Actor manager and playwright manqué Forbes Murdston (shades of Ernie Wise) has written a thriller of which he is very proud. Unfortunately, his casting skills aren’t up to much and he’s hired the totally unsuitable catalogue model Mandy Bandy, a self-important Spanish soap star Alfredo Gravés and dour German Expressionist Udo Keller to help him perform it. In the main story “fawn like” Laura du Lay arrives at a spooky mansion owned by debonair recluse Forbes Murdston (again) to work as his secretary but she is soon in great danger. Is scowling manservant Klaus and his wife, also called Klaus, the root of the problem? Fortunately, lawyer Roger Parchment and (and this is the right way round) Inspector Detective Judadench (say it quickly) are there to help save her. So far so gloriously silly.
The shows narrative influences are many and varied with shades of Hitchcock (Rebecca and Psycho) being particularly prominent. Stylistically there are nods to Chaplin, the Marx Brothers, Laurel and Hardy, Monty Python, Sellers as Clouseau, The Show That Goes Wrong, The League of Gentlemen, Reeves and Mortimer, Tommy Cooper and a certain campfire scene from Mel Brooks’ “Blazing Saddles” – N.B. This list is not exhaustive. Basically, they are channelling just about every comic act I have ever admired. However, what the Spymonkey team do with this provides something better than the sum of its parts and the results are simply quite glorious.

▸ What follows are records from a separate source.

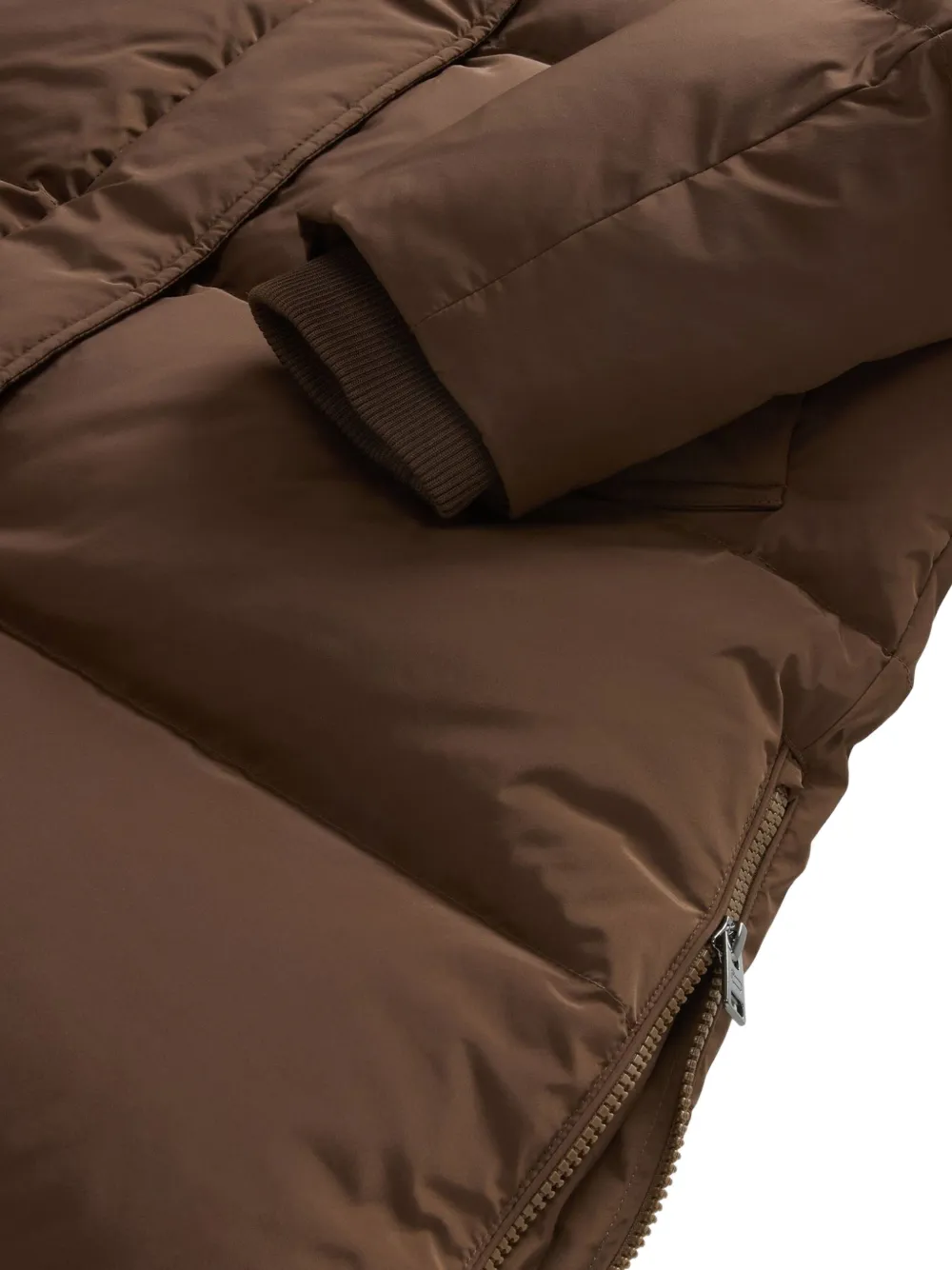 Woolrich Kelly hooded quilted jacket Bruin
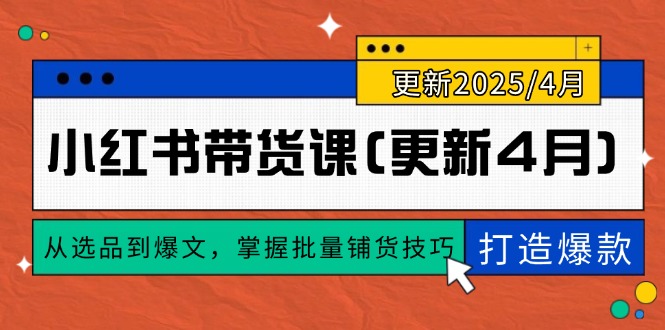 小红书带货课(更新4月-藏宝阁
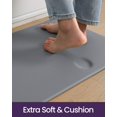 thumbnail image 3 of Kitchen Rug Anti Fatigue Mats for Floor, 24x59 Non Skid Cushioned Comfort Standing Desk Waterproof Runner, Grey, 3 of 9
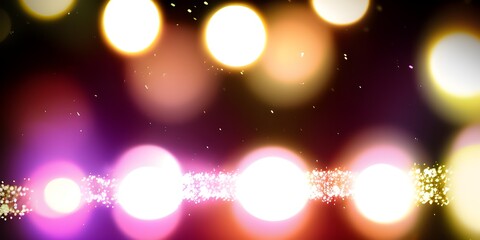 Fototapeta na wymiar bokeh glowing blurry background wallpaper, Generative AI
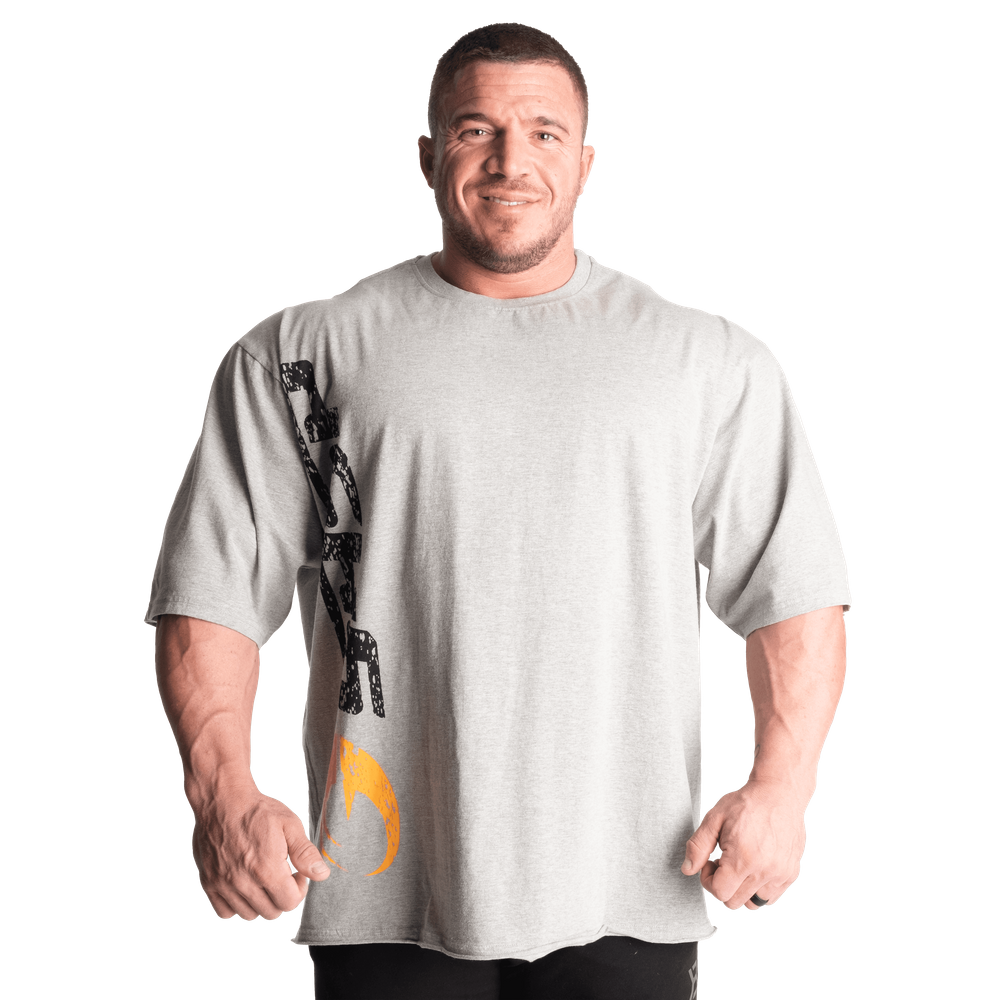 Gasp Iron Tee - Greymelange/Black - imagem 2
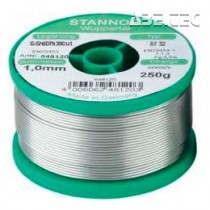 Trubičková pájka Sn60Pb39Cu1, HF32 (Ø1,0mm, 250g)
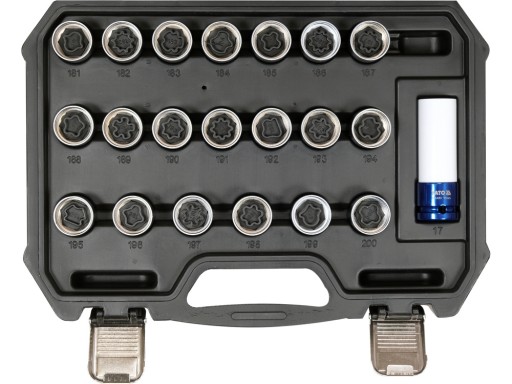 КОМПЛЕКТ НАСАДОК ДЛЯ БОЛТОВ ЗАКРЕПЛЕНИЯ YATO OPEL 21EL YT-060306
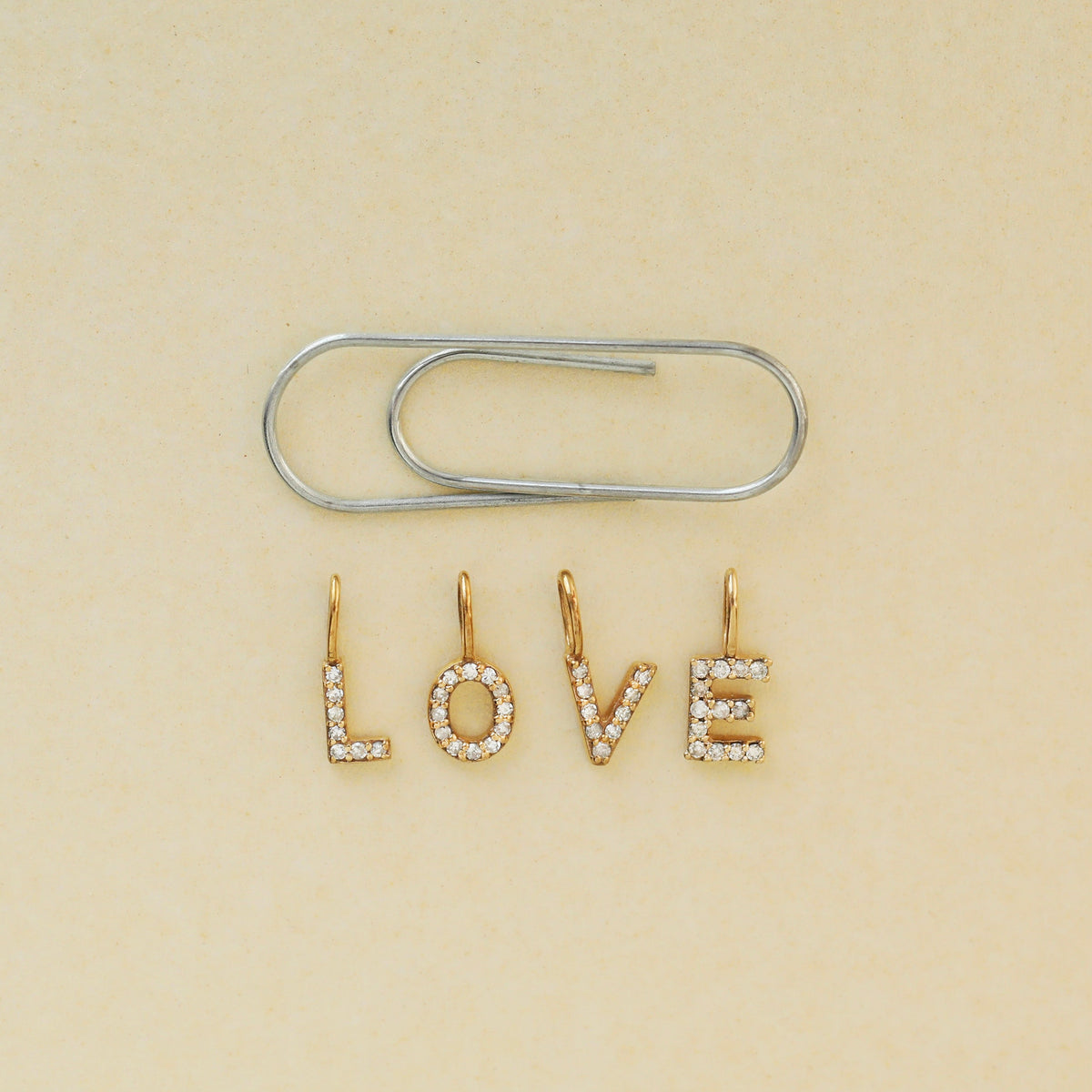 Treasured Diamond Initial Charm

There are only four performers who between them bring a raucous energy to the stage where they will do anything – and I mean anything – in search of a laugh. In the best tradition of commedia dell’arte clowns, they are all stunningly good at what they do and if I single out Aitor Basauri as Alfredo that is no disrespect to the others. Basauri is a consummate clown who has a winning way with a repeated joke (e.g. a loose wig) that allows it to build until you think that it can’t be pushed any further – only to discover that it can. His routine with a cleric’s ring which he wants Murdston (Toby Park) to kiss caused more corpsing than has a right to be seen in any one show – I enjoyed the moment immensely. Alfredo also has an ongoing feud with Udo/Klaus (Stephan Kreiss) which escalates exponentially. Petra Massey as Mandy/Laura holds the show together. She clearly can’t act (which, of course, actually means she can – superbly) striking ridiculously stiff knitwear poses, suffering increasingly troublesome digestive issues and being able to do things with ping pong balls which will make your eyes water. Laura suffers from a tendency to narcolepsy and odd dreams which is fortunate as this allows the group to meander into other implanted sketches which have little or no relation to the main action but are just beautifully silly in their own right. A nude ballet sequence is not for the faint hearted or easily offended.
Cal McCrystal’s direction is bang on the money capturing just the right mix of po-faced gravity and apparent earnestness which makes the play so funny. The cast really are trying to take it all seriously, conversely lending proceedings an even greater hilarity. The set is, purposely, very low rent and appropriately tacky “effects” lend another strand of humour. There’s a number of battery-operated pheasants which run amok and a glorious scene where the head of a horse and the wagging tails of a hunting pack of beagles can be seen through the upstage window. Sight gags are too numerous to detail, costume changes incredibly swift, the delivery of verbal gags exquisitely timed ….have you got the point yet that I think this show is exceptionally good?
I could go on, but you really need to see it for yourselves and I would urge you to do so. Even if you have missed the freestream, all the pieces in the proposed season (seven of them) are available to rent at a very modest price and then you’ll have the satisfaction of knowing that you are helping the group to keep going. In these troubled times we could all do with a damn good laugh and this show provides it…in double spades. I can honestly say I haven’t enjoyed myself so much in weeks and if you’re in need of a tonic, then this is it. Hysteria is, well, simply hysterical.